Having our minions quite close in age - any where from seventeen months to two & a half years apart, means that in several years time we will have a house full of teenagers all at once. I figured out that in the year 2024 we will have five teenagers - Ben will be nineteen years old & Will thirteen years old. Rianan, Jack & Blake all the ages in between, while Clay will be trialing along at ten years old. The age that Ben will be come October this year. 

Our first baby will be ten this year. Our last baby will be ten in 2024. It just doesn't seem right.

That is only ten years away. Yep, I said only. Ten years may seem like such a long way away yet, but I can remember when Ben was born back in 2004 - that was only ten years ago. If you ask me where the last ten years have gone I would have no precise answer. They have gone by so quickly. Is it because we have had five more children in that time it feels like it's all been a blur, a mash of memories that span ten years condensed into what feels like two. Or is it just 'life' these days? Everyone is getting busier & busier, the days are all merging into one long haze of time.

I wonder what our children will be like then. How chaotic will life be with so many teenagers. Will it be louder than it is now, or will they be so busy in their own lives that they are rarely home so it will be quieter than now.

I wonder who will give us the most grief, which one will finally turn Doug's hair gray. Who will keep me up at all hours of the night as I pace the floors, no longer due to an unsettled baby, but with an unsettled mind as I wait for them to come in the door. 

What will the dynamics be like between so many personalities. Ben & Rianan get along fabulously right now, will that still be the case when they are nineteen & seventeen. Jack gets a little lost in the mix at the moment, but will Ben & Jack find a more common ground together as they get older, or Jack forever be the pesky younger brother to Ben.

What mischief will they all get up to together, what will they cover up together or for one another, that Doug & I won't know about until many years down the track when we are all sitting around a meal together remincising. Then all of a sudden one of them will pipe up with "do you remember the time when....insert some crazy event here, where one helps to bail the other out of trouble & keep it quiet from Doug & I.
Only to end with "We were so lucky Mum & Dad never found out." 
Maybe that will be the day I finally turn gray, when I discover so much more of what they got up to, that was kept quiet between the code of sibling secrecy. 

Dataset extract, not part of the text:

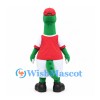 Dinosaur Mascot Costume in Green with Red Cap and White Shorts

It's so easy now to get caught up in the toilet training, sight words & lexile readers, the guiding of appropriate & inappropriate language (see this post), the daily jobs chart, quiet afternoon time so little bodies can have a moment to rest, allowing small inches of freedom as they walk to a friends house down the road.

One day all this will be a distant memory & we'll be in the thick of teenage social lives, sports practice & weekend matches, after school jobs, homework assignments & end of year exams. 

Will I look back on this time & wish for it back because it all seemed so much easier. Maybe we'll be one of the lucky few who manage to get through the teenage years with little angst & family bonds intact. I know the hell I put my parents through for eighteen months before settling down & finding my feet in a new found independence. It kind of seems inevitable, like a right of parenthood passage that must be passed through - both the calm seas & the rough, stormy waves.

I hope that we are building our ship strong enough now, in these founding years, that it emerges on the other side, maybe a little worn but still afloat. At least for now, we still have a few more years to get the sails up & any leaky holes patched.

Time, I wish you would slow down a little.